In 1992, the U.N. General Assembly called for an international convention to combat desertification in countries experiencing serious drought and/or desertification, particularly in Africa. To draw up this convention, the United Nations established the International Negotiating Committee on Desertification (INCD). At an organizational meeting in January 1993 and five subsequent meetings, that committee drafted the Convention and four regional annexes for Africa, Asia, Latin America and the Caribbean, and the Northern Mediterranean. The Convention was adopted on June 17, 1994; was opened for signature; and entered into force on December 26, 1996. As of October 22, 1998, 144 countries had ratified the Convention and had become parties to it. The Convention recognizes (1) the physical, biological and socioeconomic aspects of desertification; (2) the importance of redirecting technology transfer so that it is demand-driven; and (3) the involvement of local populations. It seeks to develop national and subregional/regional action programs to halt or reverse desertification that are conducted by national governments in cooperation with donors, local populations, and nongovernmental organizations.

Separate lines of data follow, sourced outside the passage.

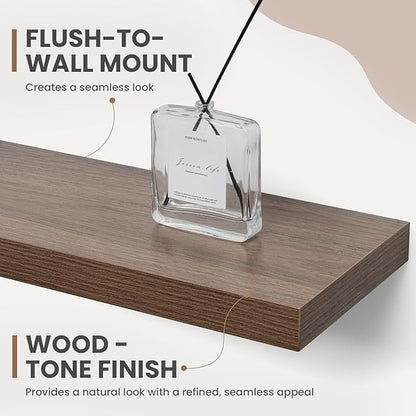 Acovy 55 Inch Floating Shelves, 8 Inch Deep Floating Shelves for Wall, Hanging Shelf with Invisible Brackets, Deep Shelves for Bathroom, Bedroom, Living Room, Walnut, Set of 2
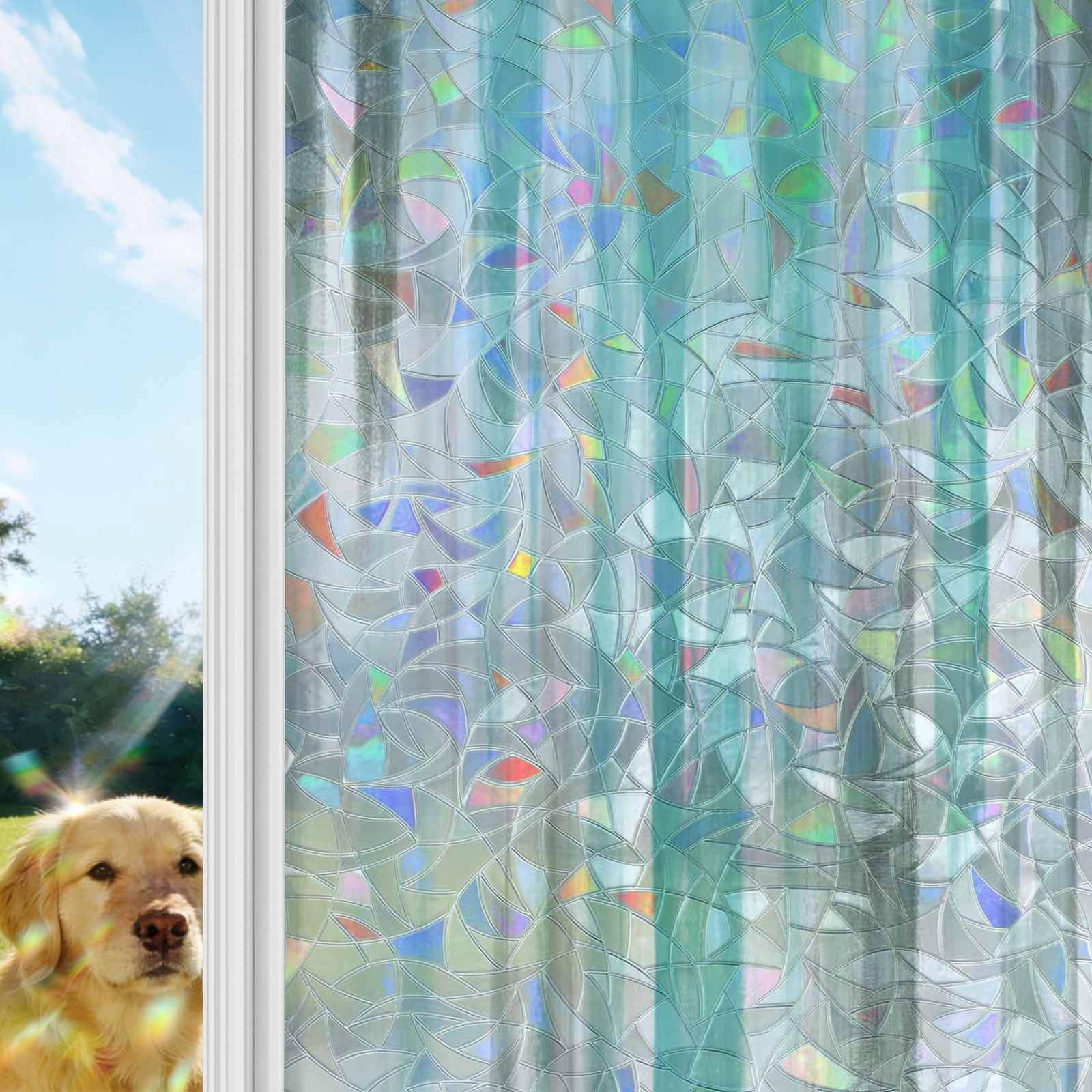 Turquoise Gray Window Privacy Film Stain Glass,Reusable Decorative Rainbow Window Film,Farmhouse Abstract Gradient Aesthetic Static Cling Sun Blocking Stickers Decals Covers 17.7" x 78.7" (2pcs)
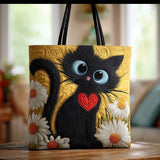 Bolsas Hechas a Mano - Bolsa Negra con Margaritas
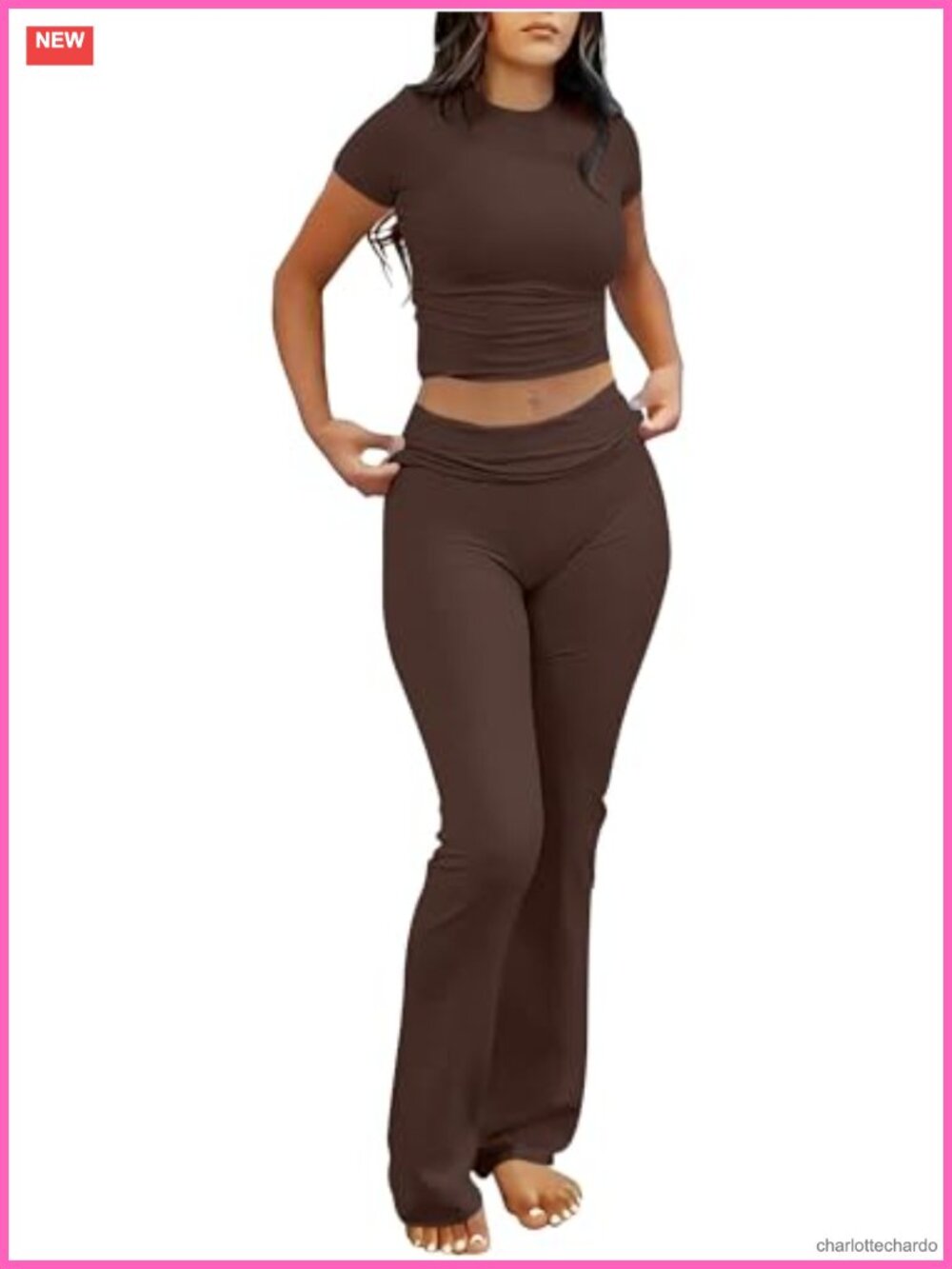 2 Piece Lounge Set Women Flare Pants Crop Top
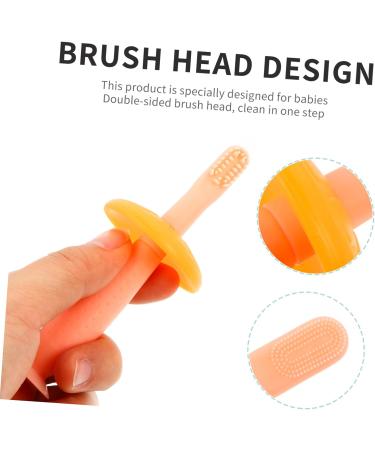 Minkissy Silicone Baby Toothbrush Set | Childrens Toothbrush with Banana Bite Ring | Premium Mouth Protection & Cleaning Gel Pink - Buy Online on GoSupps.com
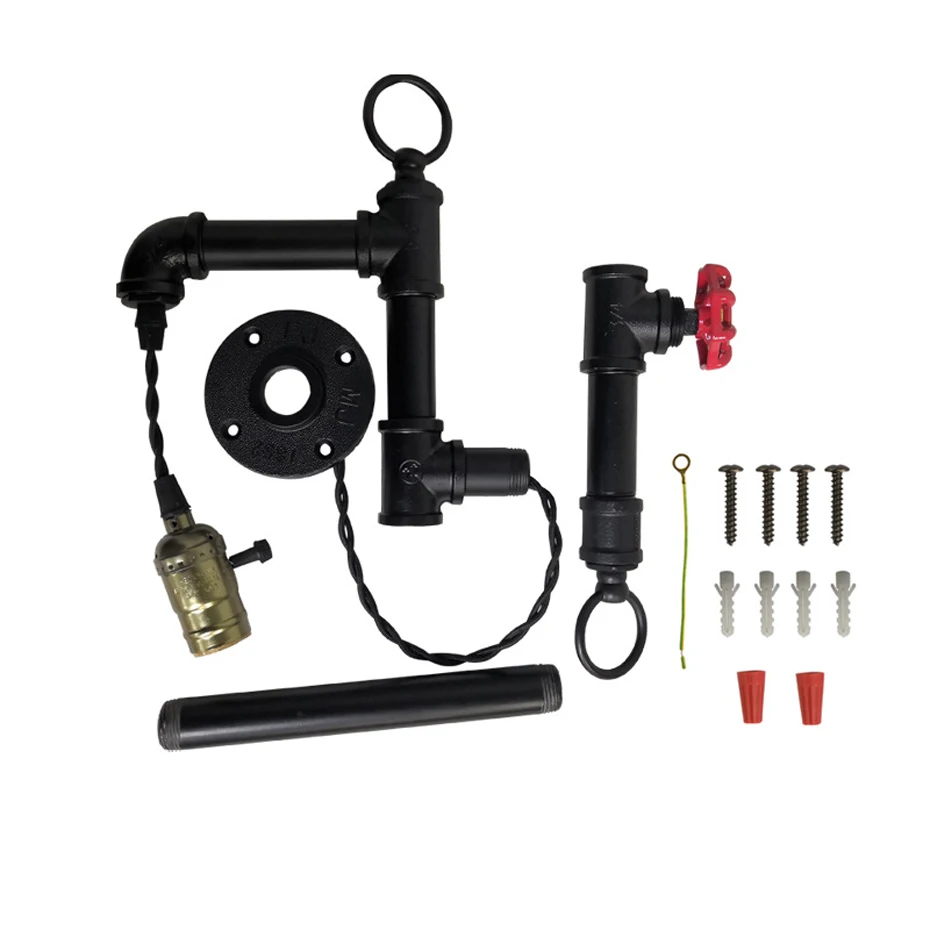 

Creative Single Head Iron Industrial Wind Wall Lamp Vintage Water Pipe E27 Bedside Wall Light For Restaurant Bar Hotel Cafe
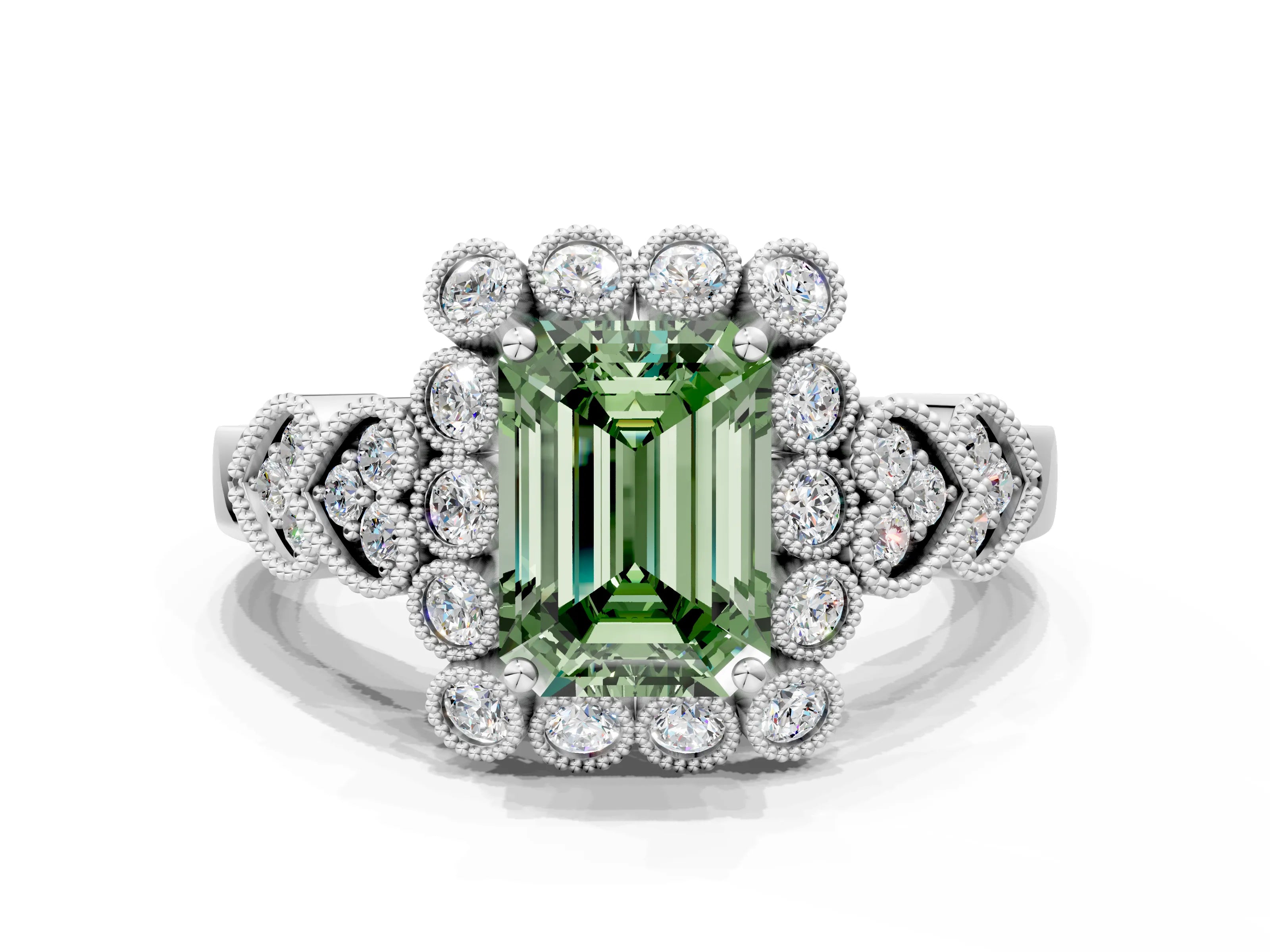 White gold Fancy Green Emerald Cut Brilliant Milgrain Pave Heart Band Solitaire Ring_22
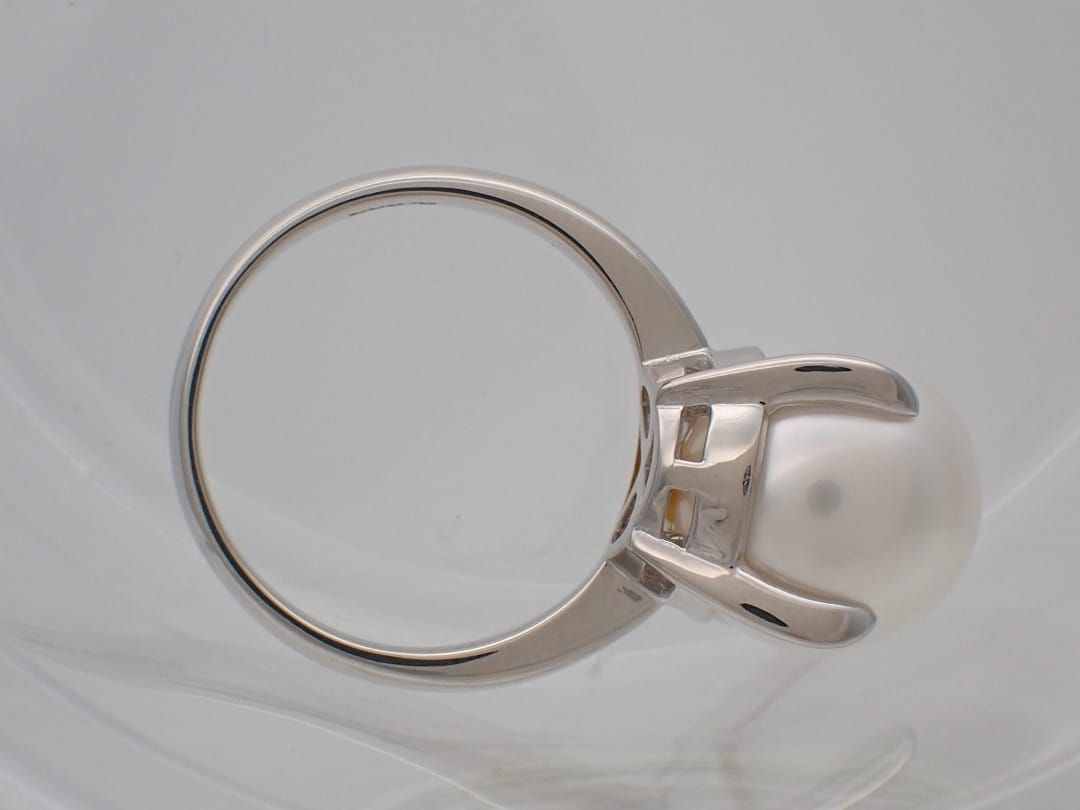 PT900 プラチナ 白蝶貝 南洋真珠 パールリング 12.1mm 10.29g 14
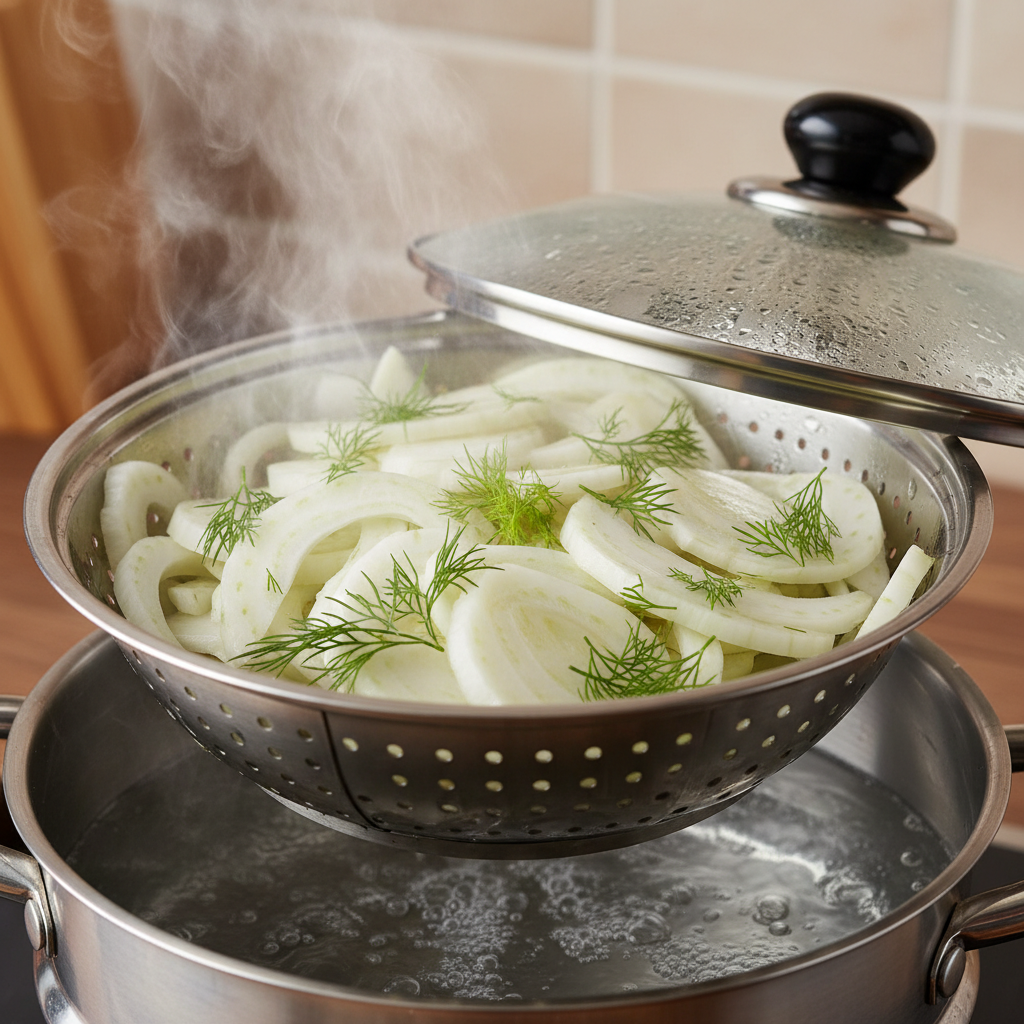 Finocchi che cuociono a vapore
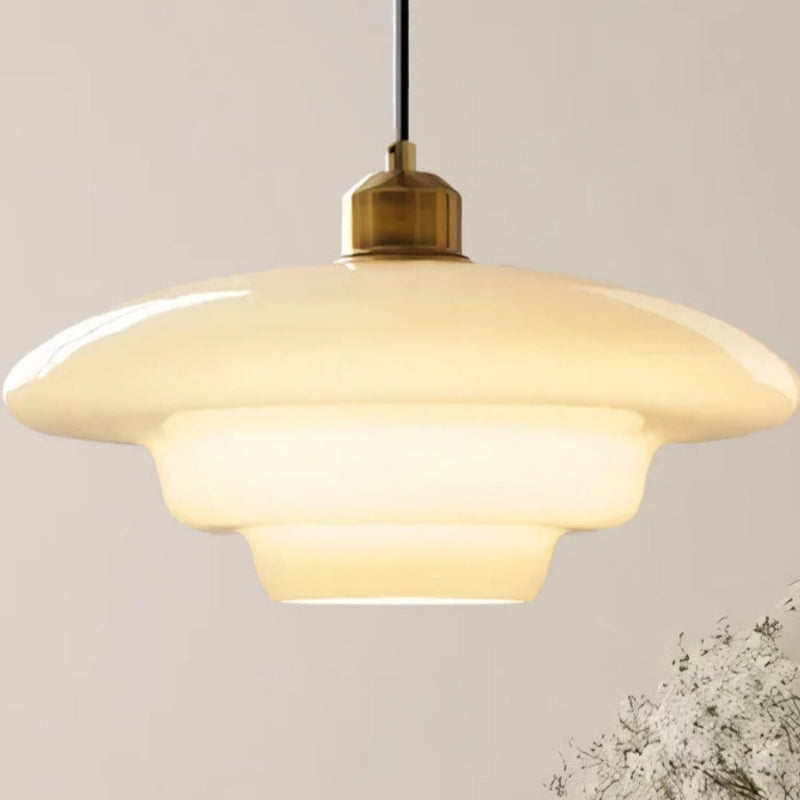 Elegant White Milk Glass Pendant Light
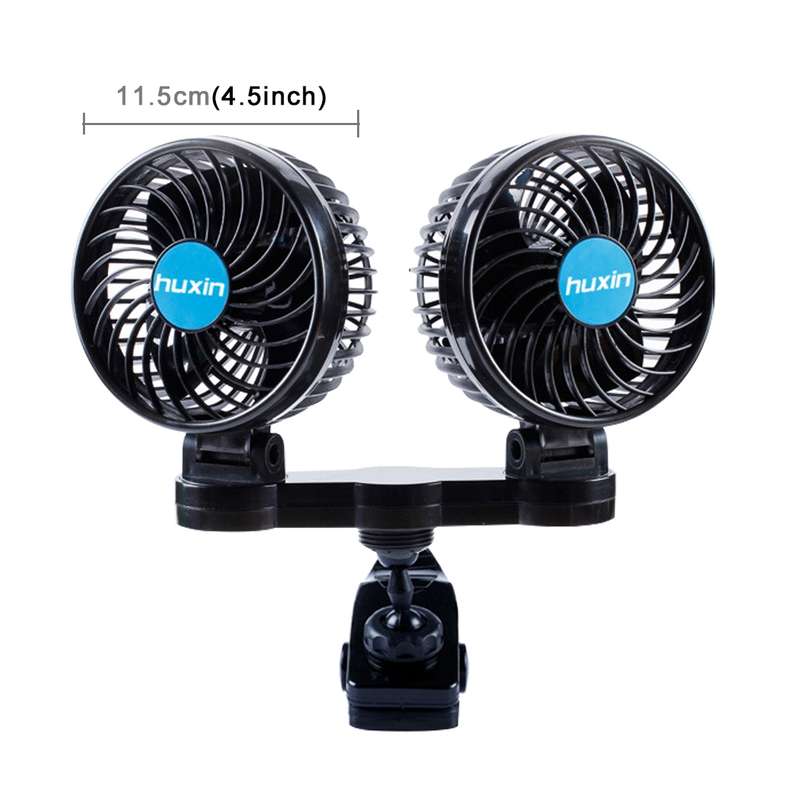 HUXIN HX-T605E 7W 360 Degree Adjustable Rotation Clip Two Head Low Noise Mini Electric Car Fan with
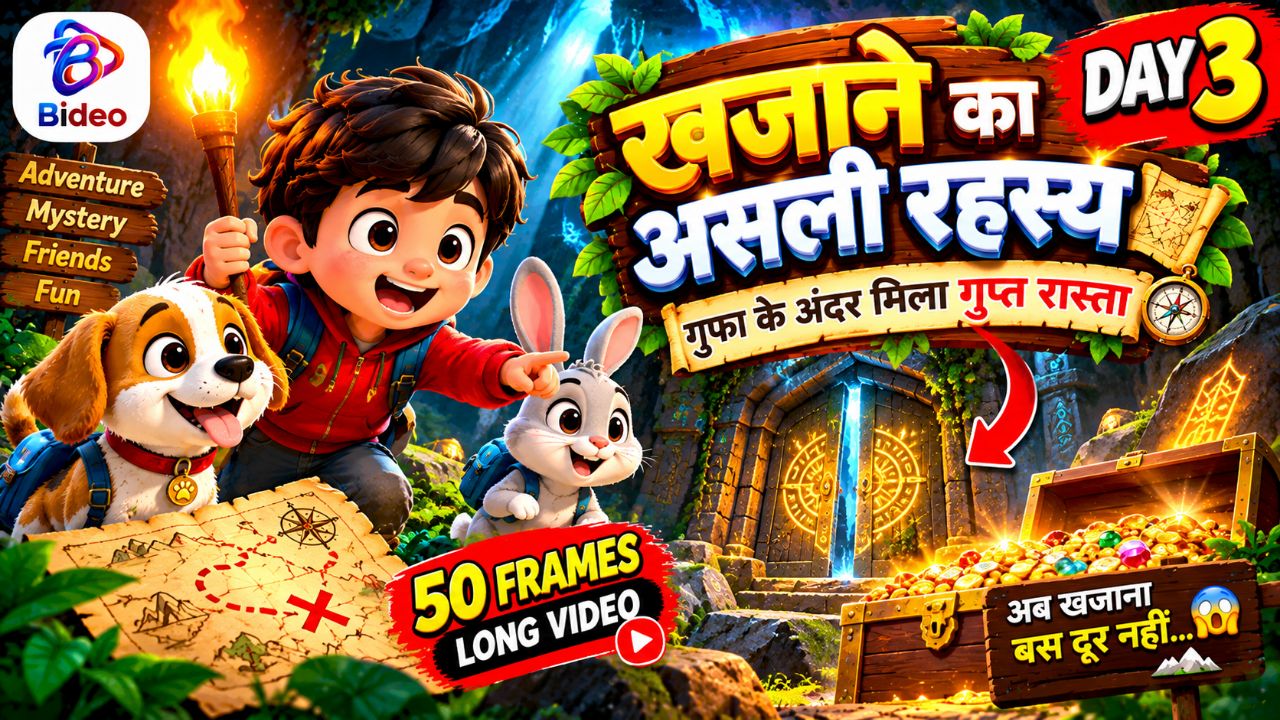 खजाने का असली रहस्य 😱💰 | गुफा के अंदर मिला गुप्त रास्ता | Day 3 | Cartoon Adventure 🔥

Before the Convention entered into force, the INCD established the Secretariat’s program and budget, the functions of and administrative arrangements for the global mechanism to combat desertification, the Permanent Secretariat, and the Committee on Science and Technology (CST). It made significant progress on scientific and technological cooperation; however, it could not agree on the size and membership of the bureau that would oversee the operations of the Conference of the Parties, host institutions, and some functions of the global mechanism.

The first Conference of the Parties (COP-1) to the Convention met in Rome in the fall of 1997 and included the 102 states that had ratified the Convention at that time. COP-1 dealt largely with organizational matters. It selected Bonn, Germany, as the location for the Permanent Secretariat; it designated the International Fund for Agricultural Development (IFAD) to administer the global mechanism; it established an ad hoc panel to survey benchmarks and indicators; and considered linkages between traditional knowledge and modern technology. Plenary meetings were devoted to NGO dialogues on building partnerships within the Convention.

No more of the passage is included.